Now we can maximize the function or any function which increases as $L(\theta)$ increases such as the logarithm of $L(\theta)$ , $l(\theta)=log L(\theta)$ . This is especially useful since working with logarithms provides some convenience for example when taking the derivative or making use of logarithm rules (like below).

l(\theta)=log L(\theta)=log\prod_{i=1}^m\frac{1}{\sqrt{2\pi}*\sigma}exp\Big(-\frac{(y^{(i)}-\theta^T x^{(i)})^2}{2\sigma^2}\Big)

=\sum_{i=1}^m log \frac{1}{\sqrt{2\pi}*\sigma}exp\Big(-\frac{(y^{(i)}-\theta^T x^{(i)})^2}{2\sigma^2}\Big)

(Above we used the logarithm rule $log(a*b*..) = log(a)+log(b)+...$ )

=\sum_{i=1}^m log \frac{1}{\sqrt{2\pi}*\sigma} + log\Bigg(exp\Big(-\frac{(y^{(i)}-\theta^T x^{(i)})^2}{2\sigma^2}\Big) \Bigg)

As $log \frac{1}{\sqrt{2\pi}*\sigma}$ is just a constant which gets added $m$ times we can bring it in front of the sum. Also logarithm and exp chancel each other out.

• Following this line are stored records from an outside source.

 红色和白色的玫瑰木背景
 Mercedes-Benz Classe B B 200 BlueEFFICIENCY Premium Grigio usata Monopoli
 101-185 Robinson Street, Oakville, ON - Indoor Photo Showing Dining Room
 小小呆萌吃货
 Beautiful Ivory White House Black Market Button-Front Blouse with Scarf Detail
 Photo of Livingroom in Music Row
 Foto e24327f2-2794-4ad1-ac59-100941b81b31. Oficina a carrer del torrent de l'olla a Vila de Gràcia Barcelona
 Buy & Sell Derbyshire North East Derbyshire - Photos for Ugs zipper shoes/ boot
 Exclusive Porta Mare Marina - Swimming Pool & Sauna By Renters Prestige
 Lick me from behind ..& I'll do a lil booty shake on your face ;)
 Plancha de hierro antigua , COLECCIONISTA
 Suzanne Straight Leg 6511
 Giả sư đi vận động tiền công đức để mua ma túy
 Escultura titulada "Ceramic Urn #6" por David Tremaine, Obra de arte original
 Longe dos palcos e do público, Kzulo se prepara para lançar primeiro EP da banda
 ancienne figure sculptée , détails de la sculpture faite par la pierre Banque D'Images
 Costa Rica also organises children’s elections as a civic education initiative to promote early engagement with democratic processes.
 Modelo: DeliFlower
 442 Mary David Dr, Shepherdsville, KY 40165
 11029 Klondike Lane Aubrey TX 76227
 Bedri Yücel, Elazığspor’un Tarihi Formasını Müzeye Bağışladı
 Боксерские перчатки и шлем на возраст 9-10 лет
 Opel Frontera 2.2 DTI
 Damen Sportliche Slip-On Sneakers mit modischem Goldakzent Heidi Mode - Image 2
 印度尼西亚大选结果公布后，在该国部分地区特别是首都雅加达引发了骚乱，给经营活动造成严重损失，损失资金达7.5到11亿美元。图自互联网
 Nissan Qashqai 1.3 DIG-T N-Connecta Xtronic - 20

So we are left with the following:

=m * log\frac{1}{\sqrt{2\pi}*\sigma}+\sum_{i=1}^m-\frac{(y^{(i)}-\theta^T x^{(i)})^2}{2\sigma^2}

The „-“ sign as well as the $\frac{1}{2\sigma^2}$ in our summation are just constant factors, which we can put in front of the summation.

=m * log\frac{1}{\sqrt{2\pi}*\sigma}-\frac{1}{\sigma^2}\frac{1}{2}\sum_{i=1}^m(y^{(i)}-\theta^T x^{(i)})^2

Now if we look at the function, it is clear to say that to maximize the function we have to minimize the sum. If you remember $J(\theta)$ from my second blog post, you will remember that it looks exactly the same as the sum in our log likelihood function. We also tried to minimize it (using the gradient descent algorithm).

J(\theta)=\frac{1}{2}\sum_{i=1}^m(y^{(i)}-\theta^T x^{(i)})^2

To sum up, we showed how the minimization of least squares is just a maximization of our likelihood function assuming the probabilistic distribution of our error values as shown above.